Aux États-Unis, le chiffrement de bout en bout peut (pas encore) être légalement cassé, mais des lois comme le CLOUD Act et la FISA donnent aux autorités des droits excessifs en matière de demandes de données aux fournisseurs de technologie américains, parfois même sans ordonnance d’un tribunal. C’est également la raison pour laquelle les “nuages souverains” des fournisseurs américains ne sont rien d’autre que des “lavages souverains” et qu’il ne faut pas s’y fier. Alors qu’une réforme de la FISA était prévue pour 2024, les droits à la vie privée n’ont pas été renforcés. Au contraire, la FISA donne toujours à la NSA et au FBI un blanc-seing pour la surveillance et les abus. Toutefois, le gouvernement américain n’a pas été en mesure d’adopter des propositions de loi telles que le Lawful Access to Encrypted Data Act (loi sur l’accès légal aux données cryptées ) en raison de la forte pression exercée par la société civile, qui est très forte aux États-Unis.
Suisse : pas aussi sûre qu’on pourrait le penser.

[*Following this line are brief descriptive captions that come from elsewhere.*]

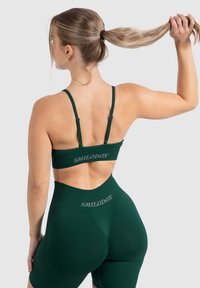 Mörkgrön träningsset bestående av en kort sport-bh med justerbara remmar och högmidjade shorts, båda med diskret branding.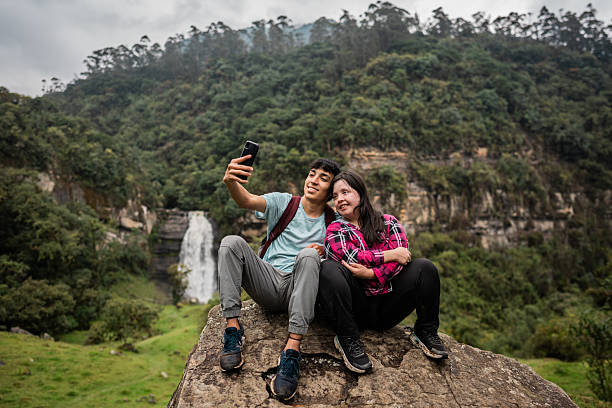 istock Young couple taking a selfie at nature 2204569878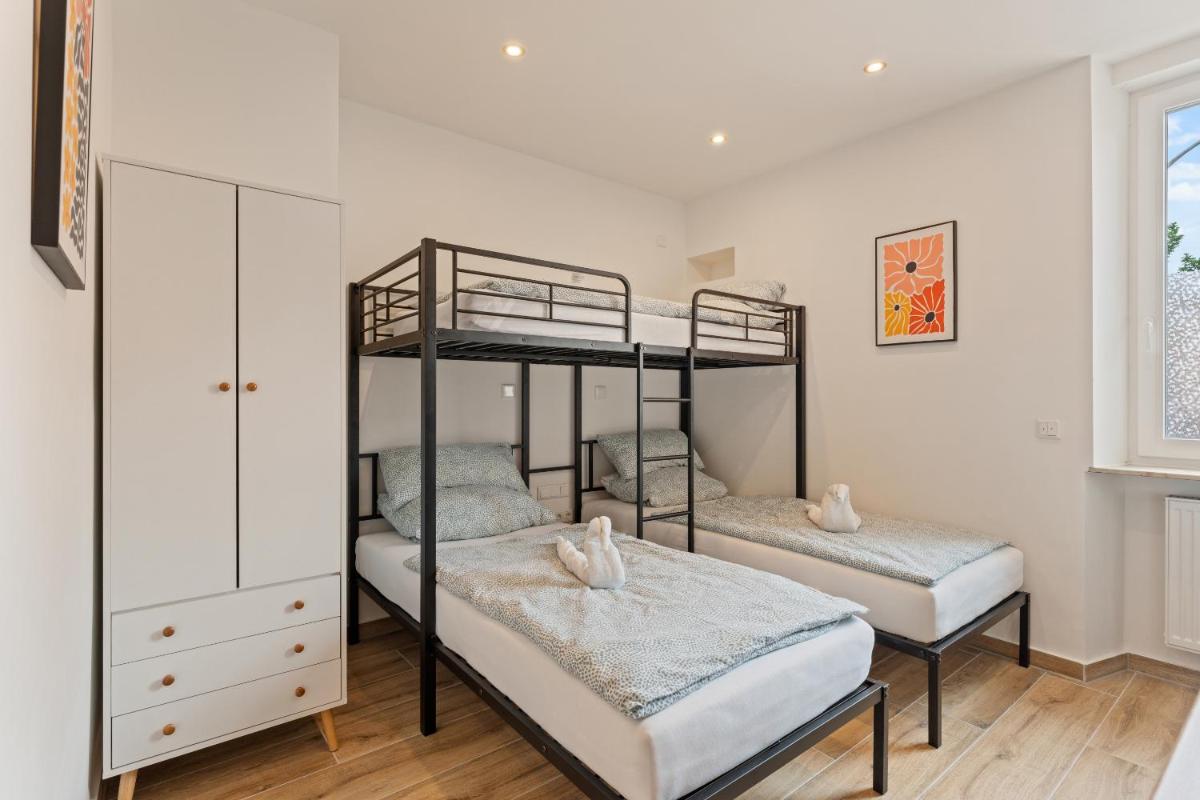 Ein Bett oder Betten in einem Zimmer der Unterkunft Family and Friends Hassloch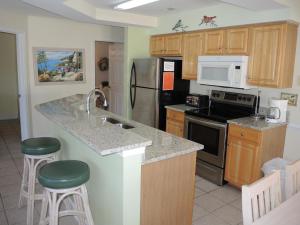 a kitchen with a counter and two stools at Golf Resort Villa 2607 with Outdoor Pool in Calabash +42 photos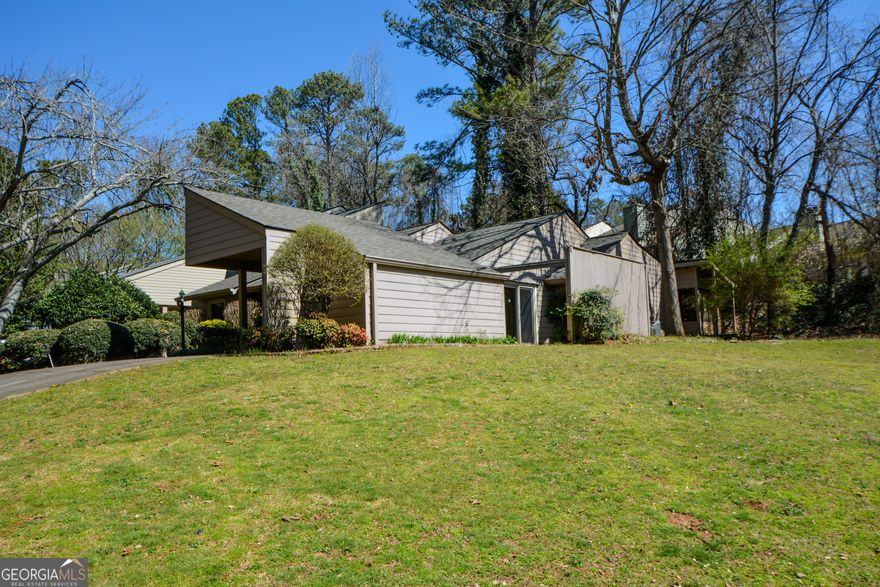 Cozy One-Level 3BR/2BA Condo with Screened Porch, Two Living Areas & Wooded View   This cozy and well-maintained one-level condo offers the perfect blend of comfort, convenience, and extra space. Featuring 3 bedrooms and 2 full baths, it includes both a great room and a separate family room-ideal for relaxing, entertaining, or setting up a home office or hobby area. Step out onto the screened porch and enjoy your morning coffee with views of a peaceful wooded area-your own quiet retreat, just steps from the community pool. The primary suite is spacious and private, and the two additional bedrooms offer generous closet space and flexibility for guests or family. The kitchen comes fully equipped, and the washer and dryer remain with the home. A newer roof and a brand-new AC compressor offer added peace of mind. All of this is tucked away on a quiet street, yet just minutes from GA-400, shopping, restaurants, and everything you need for easy daily living.
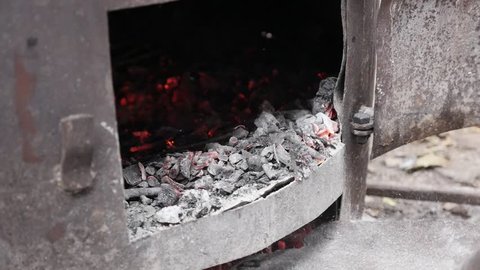 Rakija prepare boiler fire in slow motion distilled process procedure 1080p FullHD footage - Tree logs in metal tube burning as part of making Serbian alcoholic hard liquor beverage 1920X1080 HD video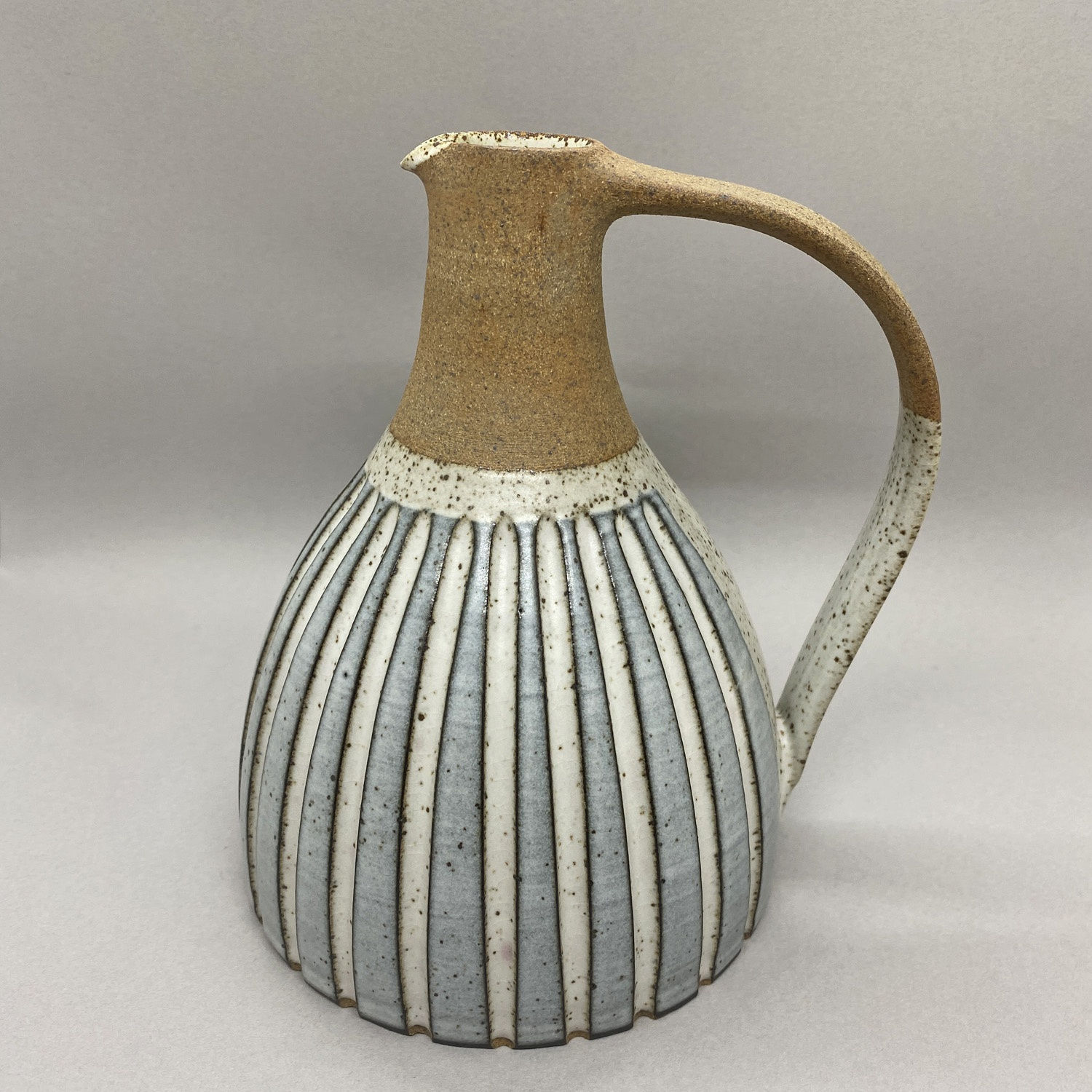 Kate Garwood jug in a round shape with a tall neck, a blue body with vertical white stripes.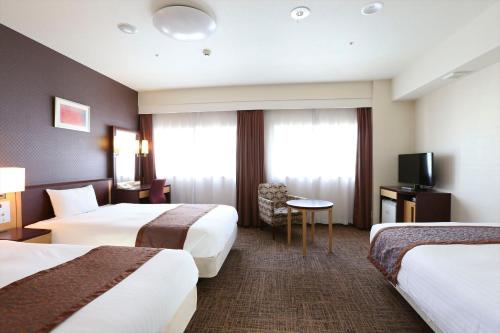 a hotel room with two beds and a television at Hotel Hokke Club Fukuoka in Fukuoka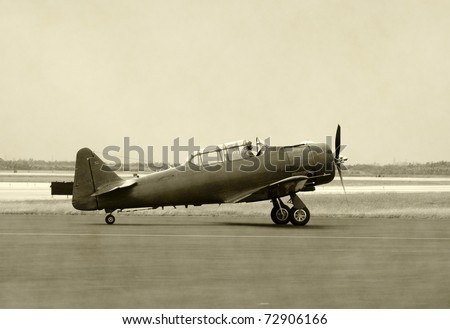 World War II era propeller airplane on the ground
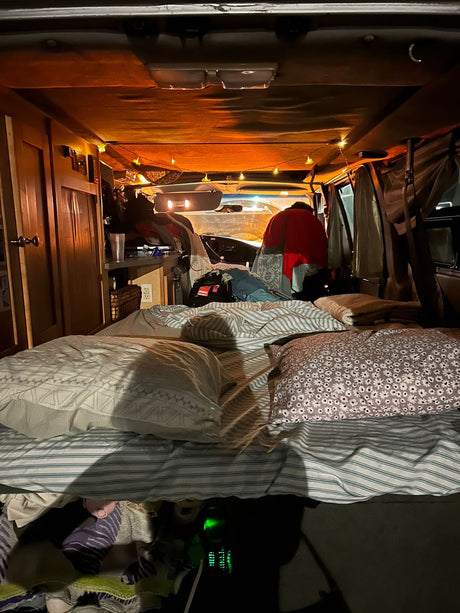 Cozy RV rental interior with a comfortable bed, warm string lights, and a person in the camper living space.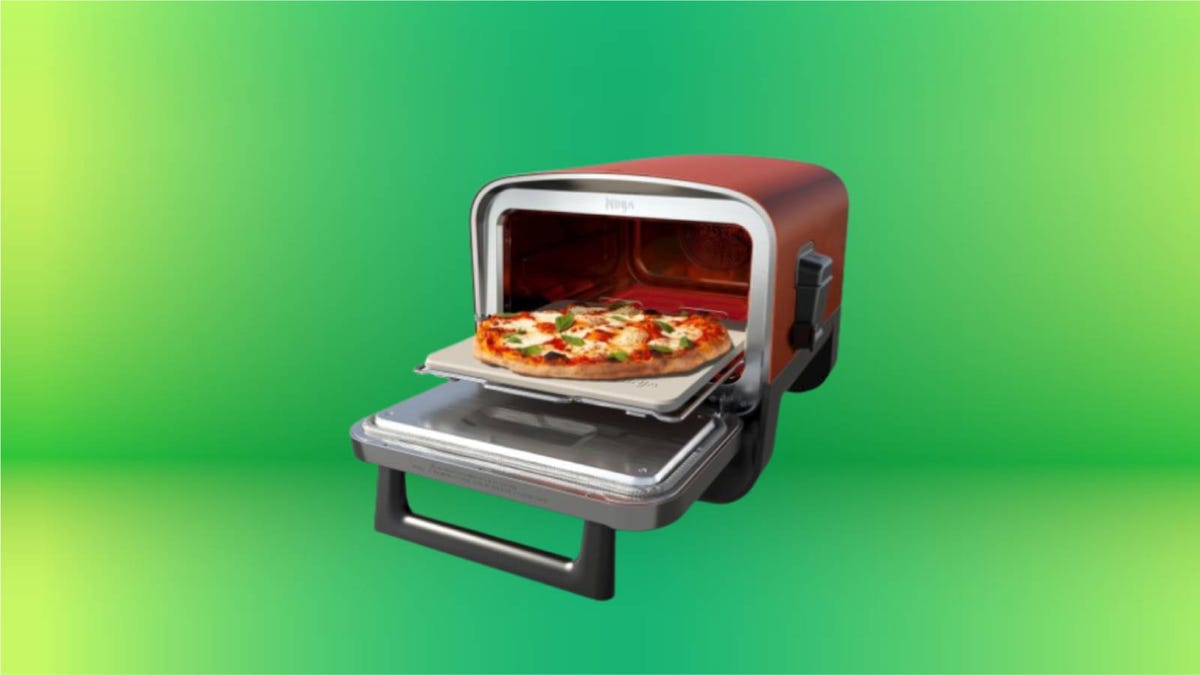 Ninja woodfire pizza oven against a green background.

En 2016 déjà, les citoyens suisses eux-mêmes ont voté en faveur d’une surveillance accrue, et le Bundesrat suisse discute actuellement d’une loi qui pourrait mettre la Suisse sur le même pied que l’Australie et le Royaume-Uni. Le projet de loi prévoit de briser le cryptage de bout en bout et d’enregistrer les adresses IP des fournisseurs de communication et de VPN. Bien qu’il ne soit pas encore certain que cette loi soit adoptée, il est évident que la Suisse n’est plus le havre de paix pour les fournisseurs de services cryptés et respectueux de la vie privée, comme certains fournisseurs tentent de le faire croire.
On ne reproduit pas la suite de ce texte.